A supermassive black hole at the center of a distant galaxy is emitting an unusual stream of gas at high speed that's blocking about 90 percent of its emitted X-rays, scientists say.
The extremely odd and rare behavior may offer clues to how such cosmic objects interact with the galaxies within which they live, they said.
Revealed by an unexpected dimming at the galaxy's heart, it may be the first direct sign of a long-predicted shielding effect that permits powerful gas winds to be accelerated to high speeds out of a black hole, researchers said.
Scientists using both NASA and European Space Agency space telescopes, including the Hubble instrument, first noticed the effect.
"There were dramatic changes since the last observation with Hubble in 2011," said researcher team member Gerard Kriss of the Space Telescope Science Institute.
As matter is pulled toward a black hole, it spirals into a flat plane dubbed the accretion disc. The disd becomes heated to a point where it emits X-rays near the hole and ultraviolet radiation further away.
That UV radiation can generate cosmic winds so strong some of the gases that would normally fall into the black hole are blown away -- but that can happen only if their starting point is shielded from the X-rays, the researchers say.
That seems to be the case with black hole at the center of the galaxy NGC 5548.
"There are other galaxies with similar streams of gas flowing outward from the direction of its central black hole, but we've never before found evidence that a stream of gas changed its position as dramatically as this one has," researcher Gerard Kriss said. "This is the first time we've seen a stream like this move into our line of sight. We got lucky."
Most supermassive black holes centered in active galaxies expel large amount of matter through powerful and persistent winds of ionized gas, as does NGC 5548 at about 600 miles a second, but an additional wind from this one is more powerful than normally seen, the researchers said.
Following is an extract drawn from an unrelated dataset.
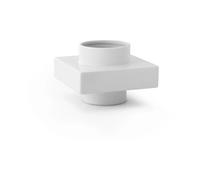 Normann Copenhagen Vase Deko Object S2 Snow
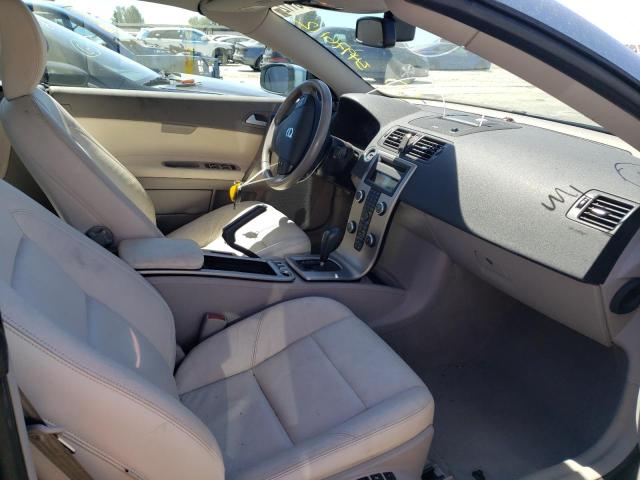 Photo 5 from auction – 2008 VOLVO C70 T5 with VIN YV1MC67238J055609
"These new winds reach speeds of up to 3,107 miles per second, but is much closer to the [galaxy] nucleus than the persistent wind," researcher Jelle Kaastra, said. "The new gas outflow blocks 90 percent of the low-energy X-rays that come from very close to the black hole, and it obscures up to a third of the region that emits the ultraviolet radiation at a few light-days distance from the black hole."
Scientists say they suspect such winds are involved in regulating the growth of both a supermassive black hole and its host galaxy.